After hightailing it, Megan runs into 16-year-old Annika (Chloƫ Grace Moretz) and her group of friends outside a liquor store, where they're on the hunt for a booze hookup. Suddenly, Megan's found a group she feels comfortable with, and before long she finds herself crashing on Annika's bedroom floor. She decides to stick around, hiding out in her new friend's home, at first without the knowledge of Annika's father, Craig, and then (once he's been won over by his new houseguest's charms) with his reluctant permission. Though Craig is divorced and heartbroken after being abandoned by his ex-wife, he maintains an acerbic sense of humor -- mainly because he's played by Sam Rockwell, and that should tell you everything you need to know about where his relationship with Megan is headed. Megan gives herself a week to lay low and figure things out, telling Anthony that she's attending a career-counseling seminar out of town.

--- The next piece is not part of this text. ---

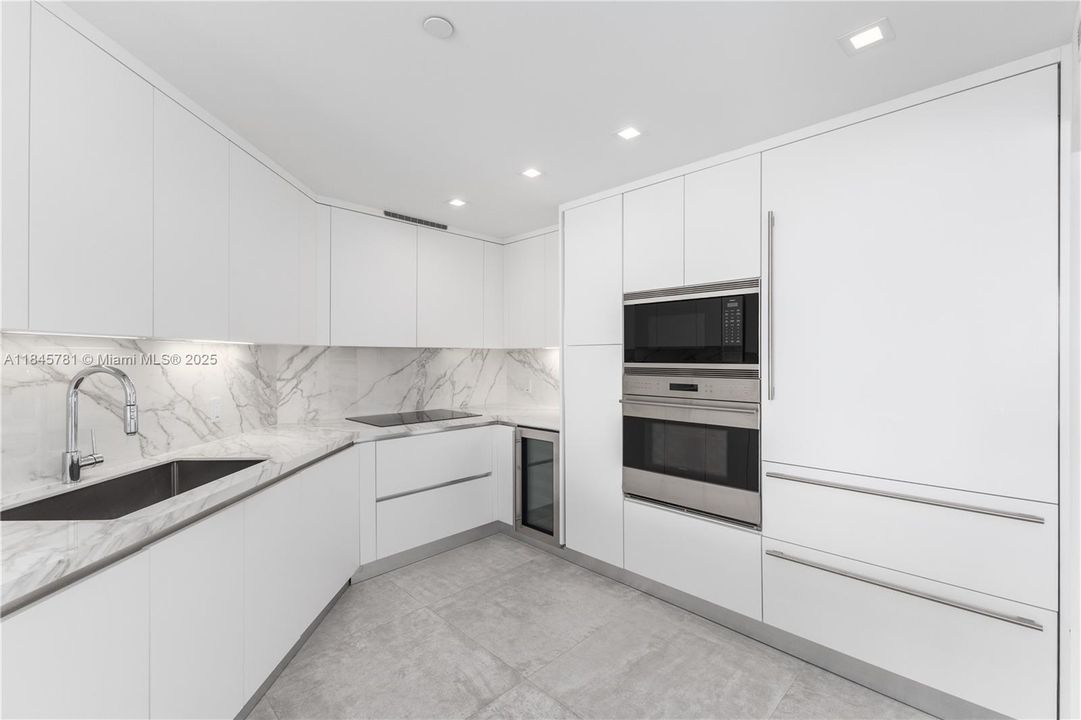 待售: $1,190,000 (2 贝兹, 2 浴室, 1140 平方英尺)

"Laggies" understands the comforting appeal of regressing back into adolescence, fitting squarely in the well-worn tradition of arrested development comedy. And it doesn't really break any new ground. Shelton (working from a script by young-adult author and first-time screenwriter Andrea Seigel) opts for an unobtrusive directing style, giving the material a slightly more realistic feel than it might otherwise have had, and while the plot is predictable and too often content to play it safe, it's so gosh-darn likeable that those things start to feel like part of its charm. Though she's smoothed out the edges of her traditionally shaggy style, Shelton maintains her gift for getting great work out of her actors. Knightley makes for a warm, relatable heroine, and it's easy to find yourself rooting for her happiness. She shares a nice, big-sister sort of chemistry with Moretz and generates convincingly romantic sparks with Rockwell, who brings his typical sly charisma to the role. The scenes he shares with Knightley represent the film at its best, and it's not a surprise -- has there ever been a film that isn't improved immeasurably by the sheer presence of Sam Rockwell?